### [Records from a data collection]
=-=-=

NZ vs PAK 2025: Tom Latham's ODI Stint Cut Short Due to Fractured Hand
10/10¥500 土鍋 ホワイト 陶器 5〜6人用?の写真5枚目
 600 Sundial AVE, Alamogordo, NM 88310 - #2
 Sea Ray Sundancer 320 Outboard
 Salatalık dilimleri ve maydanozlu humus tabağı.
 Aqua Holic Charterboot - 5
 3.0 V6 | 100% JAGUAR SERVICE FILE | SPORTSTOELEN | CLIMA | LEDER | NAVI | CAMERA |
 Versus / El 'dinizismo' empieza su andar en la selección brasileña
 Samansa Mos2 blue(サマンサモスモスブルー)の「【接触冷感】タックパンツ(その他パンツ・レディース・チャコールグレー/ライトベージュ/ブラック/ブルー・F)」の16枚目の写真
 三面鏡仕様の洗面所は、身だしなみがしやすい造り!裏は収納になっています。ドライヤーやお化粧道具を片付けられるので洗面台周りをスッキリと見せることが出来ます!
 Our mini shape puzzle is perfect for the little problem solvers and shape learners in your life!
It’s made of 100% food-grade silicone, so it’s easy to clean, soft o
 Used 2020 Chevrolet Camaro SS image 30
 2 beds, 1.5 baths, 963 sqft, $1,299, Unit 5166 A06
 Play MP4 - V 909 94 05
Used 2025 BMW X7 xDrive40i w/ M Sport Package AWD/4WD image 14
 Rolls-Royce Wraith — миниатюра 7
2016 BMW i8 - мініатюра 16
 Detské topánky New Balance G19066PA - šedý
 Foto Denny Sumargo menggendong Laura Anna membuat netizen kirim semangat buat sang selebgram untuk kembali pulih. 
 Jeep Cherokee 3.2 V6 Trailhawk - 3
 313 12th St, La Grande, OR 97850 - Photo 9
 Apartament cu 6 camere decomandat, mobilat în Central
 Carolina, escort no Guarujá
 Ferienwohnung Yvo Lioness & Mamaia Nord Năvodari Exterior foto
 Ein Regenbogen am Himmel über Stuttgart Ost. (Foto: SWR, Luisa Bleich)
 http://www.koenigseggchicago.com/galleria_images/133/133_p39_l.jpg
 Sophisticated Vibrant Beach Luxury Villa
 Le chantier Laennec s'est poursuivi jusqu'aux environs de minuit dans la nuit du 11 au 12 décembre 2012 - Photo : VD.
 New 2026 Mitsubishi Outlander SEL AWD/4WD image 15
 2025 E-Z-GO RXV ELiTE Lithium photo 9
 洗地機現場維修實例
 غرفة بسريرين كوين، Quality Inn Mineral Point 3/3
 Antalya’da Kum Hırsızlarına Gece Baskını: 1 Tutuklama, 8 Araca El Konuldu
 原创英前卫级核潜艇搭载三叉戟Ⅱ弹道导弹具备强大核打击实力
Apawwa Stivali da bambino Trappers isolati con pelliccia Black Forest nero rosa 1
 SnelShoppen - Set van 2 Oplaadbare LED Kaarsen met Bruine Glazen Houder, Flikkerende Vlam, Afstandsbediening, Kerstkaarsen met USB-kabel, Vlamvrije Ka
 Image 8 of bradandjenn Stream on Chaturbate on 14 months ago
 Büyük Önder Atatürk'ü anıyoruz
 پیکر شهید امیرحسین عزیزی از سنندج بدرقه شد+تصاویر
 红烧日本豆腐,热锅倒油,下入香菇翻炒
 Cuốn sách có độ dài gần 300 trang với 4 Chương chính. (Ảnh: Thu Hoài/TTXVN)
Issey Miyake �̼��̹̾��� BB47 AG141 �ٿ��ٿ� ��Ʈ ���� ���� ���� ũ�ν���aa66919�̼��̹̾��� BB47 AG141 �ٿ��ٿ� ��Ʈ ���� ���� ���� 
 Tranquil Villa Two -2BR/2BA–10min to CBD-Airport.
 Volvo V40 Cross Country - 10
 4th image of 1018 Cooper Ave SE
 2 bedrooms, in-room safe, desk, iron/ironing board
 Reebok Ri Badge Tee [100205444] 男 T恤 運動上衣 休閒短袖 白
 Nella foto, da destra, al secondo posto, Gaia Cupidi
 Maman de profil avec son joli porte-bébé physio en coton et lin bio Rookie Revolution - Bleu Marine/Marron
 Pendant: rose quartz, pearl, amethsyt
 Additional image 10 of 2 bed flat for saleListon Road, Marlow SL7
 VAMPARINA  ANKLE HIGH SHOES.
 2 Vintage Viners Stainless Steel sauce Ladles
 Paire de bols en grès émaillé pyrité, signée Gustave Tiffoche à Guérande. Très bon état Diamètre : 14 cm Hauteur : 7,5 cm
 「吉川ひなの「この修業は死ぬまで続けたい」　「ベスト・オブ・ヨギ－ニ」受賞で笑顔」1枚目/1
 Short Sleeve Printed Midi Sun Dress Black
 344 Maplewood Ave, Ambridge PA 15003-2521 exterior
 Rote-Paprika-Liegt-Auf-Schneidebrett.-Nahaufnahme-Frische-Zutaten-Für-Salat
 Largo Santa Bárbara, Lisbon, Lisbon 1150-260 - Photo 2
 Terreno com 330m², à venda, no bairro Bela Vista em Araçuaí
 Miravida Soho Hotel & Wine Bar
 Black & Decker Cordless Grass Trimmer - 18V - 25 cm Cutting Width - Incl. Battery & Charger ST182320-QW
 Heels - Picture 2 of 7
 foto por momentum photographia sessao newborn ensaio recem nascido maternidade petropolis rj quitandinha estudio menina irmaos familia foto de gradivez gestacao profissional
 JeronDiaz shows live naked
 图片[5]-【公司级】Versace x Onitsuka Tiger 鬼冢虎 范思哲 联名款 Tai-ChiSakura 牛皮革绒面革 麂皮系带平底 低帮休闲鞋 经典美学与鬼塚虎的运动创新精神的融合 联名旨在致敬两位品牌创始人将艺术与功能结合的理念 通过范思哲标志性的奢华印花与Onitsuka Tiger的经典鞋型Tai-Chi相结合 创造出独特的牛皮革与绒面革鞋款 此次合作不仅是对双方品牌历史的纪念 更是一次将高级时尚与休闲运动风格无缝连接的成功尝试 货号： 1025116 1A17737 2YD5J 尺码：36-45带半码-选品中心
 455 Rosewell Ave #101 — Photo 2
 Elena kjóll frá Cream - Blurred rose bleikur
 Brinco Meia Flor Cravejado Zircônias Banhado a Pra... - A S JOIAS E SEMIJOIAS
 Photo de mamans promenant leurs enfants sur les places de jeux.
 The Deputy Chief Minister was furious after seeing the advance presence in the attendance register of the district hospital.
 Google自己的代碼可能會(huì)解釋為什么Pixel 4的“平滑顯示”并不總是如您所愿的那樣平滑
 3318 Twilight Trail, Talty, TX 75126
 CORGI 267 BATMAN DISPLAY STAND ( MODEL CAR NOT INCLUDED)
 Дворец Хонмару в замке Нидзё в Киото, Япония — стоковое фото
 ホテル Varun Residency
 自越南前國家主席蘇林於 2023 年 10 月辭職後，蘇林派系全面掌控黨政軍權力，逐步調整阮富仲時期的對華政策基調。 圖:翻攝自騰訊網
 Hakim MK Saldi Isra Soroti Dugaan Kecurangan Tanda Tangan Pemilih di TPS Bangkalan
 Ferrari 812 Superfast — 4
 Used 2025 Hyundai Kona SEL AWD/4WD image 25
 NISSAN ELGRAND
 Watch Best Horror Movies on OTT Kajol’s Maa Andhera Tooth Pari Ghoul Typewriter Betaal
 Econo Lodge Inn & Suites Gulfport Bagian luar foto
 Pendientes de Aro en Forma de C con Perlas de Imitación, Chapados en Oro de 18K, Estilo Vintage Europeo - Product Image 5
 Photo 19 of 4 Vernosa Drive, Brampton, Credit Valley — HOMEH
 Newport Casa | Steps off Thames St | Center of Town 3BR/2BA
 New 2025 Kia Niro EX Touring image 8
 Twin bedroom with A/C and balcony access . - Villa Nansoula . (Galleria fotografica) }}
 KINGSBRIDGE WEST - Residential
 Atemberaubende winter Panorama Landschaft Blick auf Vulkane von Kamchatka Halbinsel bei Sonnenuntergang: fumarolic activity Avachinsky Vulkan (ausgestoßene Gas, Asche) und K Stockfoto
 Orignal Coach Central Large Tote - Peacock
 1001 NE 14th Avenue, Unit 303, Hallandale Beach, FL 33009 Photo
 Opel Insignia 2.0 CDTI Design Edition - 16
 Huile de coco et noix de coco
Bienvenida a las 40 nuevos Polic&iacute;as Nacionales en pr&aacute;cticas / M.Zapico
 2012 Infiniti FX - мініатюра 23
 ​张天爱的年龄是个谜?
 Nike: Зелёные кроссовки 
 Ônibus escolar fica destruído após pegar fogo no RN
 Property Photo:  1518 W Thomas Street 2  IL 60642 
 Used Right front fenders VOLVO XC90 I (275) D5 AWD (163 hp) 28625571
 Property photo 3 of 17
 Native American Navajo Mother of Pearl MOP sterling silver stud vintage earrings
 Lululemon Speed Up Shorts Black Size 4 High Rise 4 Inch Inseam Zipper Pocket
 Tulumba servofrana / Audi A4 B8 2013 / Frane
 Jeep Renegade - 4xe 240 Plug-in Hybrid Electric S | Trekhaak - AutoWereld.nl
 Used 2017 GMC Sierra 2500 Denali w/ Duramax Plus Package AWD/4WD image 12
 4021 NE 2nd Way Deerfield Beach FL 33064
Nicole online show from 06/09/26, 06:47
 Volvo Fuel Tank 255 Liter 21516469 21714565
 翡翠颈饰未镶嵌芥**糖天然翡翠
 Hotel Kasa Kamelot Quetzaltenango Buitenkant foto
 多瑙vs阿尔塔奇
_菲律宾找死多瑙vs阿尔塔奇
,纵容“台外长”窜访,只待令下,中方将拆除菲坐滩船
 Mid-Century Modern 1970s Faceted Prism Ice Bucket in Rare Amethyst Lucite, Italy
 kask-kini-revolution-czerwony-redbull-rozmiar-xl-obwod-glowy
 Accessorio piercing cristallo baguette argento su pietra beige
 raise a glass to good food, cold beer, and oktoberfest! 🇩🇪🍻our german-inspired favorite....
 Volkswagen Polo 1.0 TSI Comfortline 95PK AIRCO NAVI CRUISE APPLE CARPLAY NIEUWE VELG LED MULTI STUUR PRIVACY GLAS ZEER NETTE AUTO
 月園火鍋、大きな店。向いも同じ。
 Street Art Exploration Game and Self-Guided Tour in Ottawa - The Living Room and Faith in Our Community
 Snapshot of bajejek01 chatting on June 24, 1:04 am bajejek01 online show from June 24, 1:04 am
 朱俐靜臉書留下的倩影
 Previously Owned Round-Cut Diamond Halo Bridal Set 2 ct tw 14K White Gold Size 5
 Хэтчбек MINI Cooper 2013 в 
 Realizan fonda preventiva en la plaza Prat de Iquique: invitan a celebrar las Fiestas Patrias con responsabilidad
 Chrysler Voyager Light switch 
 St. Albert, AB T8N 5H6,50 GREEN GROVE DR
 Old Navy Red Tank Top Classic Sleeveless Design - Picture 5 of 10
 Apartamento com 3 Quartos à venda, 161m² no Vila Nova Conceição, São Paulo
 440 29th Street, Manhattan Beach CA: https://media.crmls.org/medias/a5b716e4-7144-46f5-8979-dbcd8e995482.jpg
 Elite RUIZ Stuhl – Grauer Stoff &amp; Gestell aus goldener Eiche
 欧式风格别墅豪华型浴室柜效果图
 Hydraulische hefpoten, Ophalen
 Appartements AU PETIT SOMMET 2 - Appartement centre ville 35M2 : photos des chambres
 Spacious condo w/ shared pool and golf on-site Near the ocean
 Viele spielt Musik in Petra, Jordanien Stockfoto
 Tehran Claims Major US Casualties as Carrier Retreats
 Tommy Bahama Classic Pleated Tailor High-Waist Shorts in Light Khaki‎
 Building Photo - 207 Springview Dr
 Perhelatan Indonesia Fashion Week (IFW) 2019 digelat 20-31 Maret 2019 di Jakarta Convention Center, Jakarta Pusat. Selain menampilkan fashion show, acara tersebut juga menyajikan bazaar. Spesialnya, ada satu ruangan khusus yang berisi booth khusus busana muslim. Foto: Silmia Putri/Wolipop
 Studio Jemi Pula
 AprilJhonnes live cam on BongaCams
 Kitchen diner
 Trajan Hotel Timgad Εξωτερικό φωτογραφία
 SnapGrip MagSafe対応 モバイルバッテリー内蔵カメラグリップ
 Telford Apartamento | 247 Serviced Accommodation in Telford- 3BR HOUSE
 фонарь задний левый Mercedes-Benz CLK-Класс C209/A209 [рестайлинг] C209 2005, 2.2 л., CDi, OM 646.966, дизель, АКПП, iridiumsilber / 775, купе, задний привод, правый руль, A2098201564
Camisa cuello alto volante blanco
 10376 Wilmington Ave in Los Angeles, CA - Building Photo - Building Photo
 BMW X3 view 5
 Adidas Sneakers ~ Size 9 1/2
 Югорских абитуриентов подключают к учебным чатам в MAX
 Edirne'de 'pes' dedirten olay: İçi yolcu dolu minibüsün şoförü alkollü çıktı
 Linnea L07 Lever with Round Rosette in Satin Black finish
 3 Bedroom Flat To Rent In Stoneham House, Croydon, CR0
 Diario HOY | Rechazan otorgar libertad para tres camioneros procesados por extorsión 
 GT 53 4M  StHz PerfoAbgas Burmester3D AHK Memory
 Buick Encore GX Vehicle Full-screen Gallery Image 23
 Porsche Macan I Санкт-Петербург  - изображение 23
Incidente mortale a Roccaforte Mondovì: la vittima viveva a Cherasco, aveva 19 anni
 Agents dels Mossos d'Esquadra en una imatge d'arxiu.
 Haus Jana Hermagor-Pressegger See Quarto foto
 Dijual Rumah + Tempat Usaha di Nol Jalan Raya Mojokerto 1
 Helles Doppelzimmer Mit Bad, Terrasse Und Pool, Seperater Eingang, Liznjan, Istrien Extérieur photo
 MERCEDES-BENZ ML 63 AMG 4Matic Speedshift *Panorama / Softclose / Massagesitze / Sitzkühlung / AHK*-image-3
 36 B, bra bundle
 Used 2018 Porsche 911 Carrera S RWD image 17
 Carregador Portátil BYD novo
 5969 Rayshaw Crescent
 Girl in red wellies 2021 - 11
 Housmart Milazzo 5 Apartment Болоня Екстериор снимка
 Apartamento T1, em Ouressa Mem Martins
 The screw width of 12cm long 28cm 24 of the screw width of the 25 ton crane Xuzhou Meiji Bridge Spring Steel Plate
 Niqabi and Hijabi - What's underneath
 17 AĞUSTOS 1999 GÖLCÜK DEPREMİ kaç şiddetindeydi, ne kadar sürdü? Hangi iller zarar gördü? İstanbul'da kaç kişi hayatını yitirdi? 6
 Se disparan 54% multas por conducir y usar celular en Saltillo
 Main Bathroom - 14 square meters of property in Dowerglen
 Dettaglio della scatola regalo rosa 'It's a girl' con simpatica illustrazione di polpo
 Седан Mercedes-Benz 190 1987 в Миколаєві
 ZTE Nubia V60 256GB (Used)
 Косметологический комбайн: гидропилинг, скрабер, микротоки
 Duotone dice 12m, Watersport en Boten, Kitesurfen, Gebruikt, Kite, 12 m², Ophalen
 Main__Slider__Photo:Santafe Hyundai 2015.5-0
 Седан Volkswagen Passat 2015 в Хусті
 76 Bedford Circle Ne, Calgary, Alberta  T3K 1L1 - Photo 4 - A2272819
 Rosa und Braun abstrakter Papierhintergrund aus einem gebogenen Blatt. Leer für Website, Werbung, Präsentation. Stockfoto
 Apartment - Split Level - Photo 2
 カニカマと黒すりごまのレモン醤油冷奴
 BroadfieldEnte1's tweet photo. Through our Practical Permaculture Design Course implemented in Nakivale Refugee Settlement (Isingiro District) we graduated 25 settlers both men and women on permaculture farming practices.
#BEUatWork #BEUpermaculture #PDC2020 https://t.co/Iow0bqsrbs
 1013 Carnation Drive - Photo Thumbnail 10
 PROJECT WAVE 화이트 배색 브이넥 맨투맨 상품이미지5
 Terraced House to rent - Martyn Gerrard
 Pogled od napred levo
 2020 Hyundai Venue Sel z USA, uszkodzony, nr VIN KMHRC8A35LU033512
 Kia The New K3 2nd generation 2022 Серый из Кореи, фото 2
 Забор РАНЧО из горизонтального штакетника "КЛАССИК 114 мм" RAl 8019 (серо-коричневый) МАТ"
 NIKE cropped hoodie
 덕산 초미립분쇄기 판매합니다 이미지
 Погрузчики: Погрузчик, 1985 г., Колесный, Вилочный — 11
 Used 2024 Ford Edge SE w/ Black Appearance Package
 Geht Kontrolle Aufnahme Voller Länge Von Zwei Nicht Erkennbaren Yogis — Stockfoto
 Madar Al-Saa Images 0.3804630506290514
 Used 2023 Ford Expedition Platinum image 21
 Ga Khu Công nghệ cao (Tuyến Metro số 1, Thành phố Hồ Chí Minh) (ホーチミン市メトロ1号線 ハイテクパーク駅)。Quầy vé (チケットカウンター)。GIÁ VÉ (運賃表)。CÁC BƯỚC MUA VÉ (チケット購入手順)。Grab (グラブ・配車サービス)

=-=-=

### [TO DO]
All lines above from the one holding "Седан Volkswagen Passat 2015 в Хусті" to the one holding "Terraced House to rent - Martyn Gerrard", inclusive, are to be copied exactly; no other line is wanted.

### [EXERCISE RESULT]
 Седан Volkswagen Passat 2015 в Хусті
 76 Bedford Circle Ne, Calgary, Alberta  T3K 1L1 - Photo 4 - A2272819
 Rosa und Braun abstrakter Papierhintergrund aus einem gebogenen Blatt. Leer für Website, Werbung, Präsentation. Stockfoto
 Apartment - Split Level - Photo 2
 カニカマと黒すりごまのレモン醤油冷奴
 BroadfieldEnte1's tweet photo. Through our Practical Permaculture Design Course implemented in Nakivale Refugee Settlement (Isingiro District) we graduated 25 settlers both men and women on permaculture farming practices.
#BEUatWork #BEUpermaculture #PDC2020 https://t.co/Iow0bqsrbs
 1013 Carnation Drive - Photo Thumbnail 10
 PROJECT WAVE 화이트 배색 브이넥 맨투맨 상품이미지5
 Terraced House to rent - Martyn Gerrard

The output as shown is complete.